Definitely, definitely try this

A few weeks ago I gave a test and asked the students not to write their names on their paper.  And I highly recommend it if you know your students at all.  Here is what I noticed when I graded their work while not knowing who it was I was grading:

I was more demanding of my stronger students.  I didn’t give anyone the benefit of the doubt because I knew they knew the content and just forgot to complete the square.  Nor did I figure that they meant what I thought they knew.  Each person really had to write in a way that demonstrated they knew the content exactly.

I was more demanding of my weaker students.  I didn’t think, “oh, this guy is having such a hard time with his folks,” or “I already gave her such a hard time this week about missed homeworks.”

I spent a lot of my grading time wondering whose paper I was grading.  This was worrying to me.  It was as if I wanted that information to make judgement calls or decide how to phrase something.  But why is that?  Shouldn’t I have a similar “teacher” voice for each student?  Shouldn’t my judgement be the same for each test that I grade?  It made me glad I didn’t know.  I had to go back to just the work – just the words that the student had used to answer the question.

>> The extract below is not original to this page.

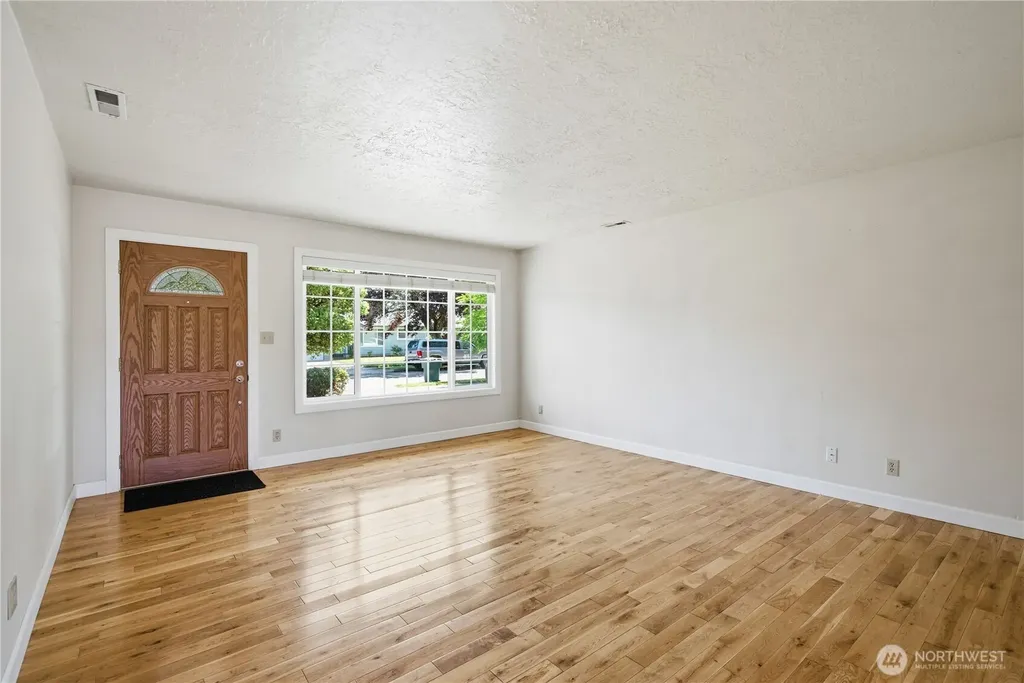 2570 Taylor Avenue Longview WA 98632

Now, I did re-read my comments for each one to temper them and made small changes in tone.  I wish I’d kept track of how I did edit them but that ship has sailed.

And when I returned the tests and my comments, I had one bright student say, “but you know I know this!” – and I could say to him that I didn’t know whose paper I was grading.  And that the paper he handed in didn’t demonstrate that he knew it. Then I knew I had done right.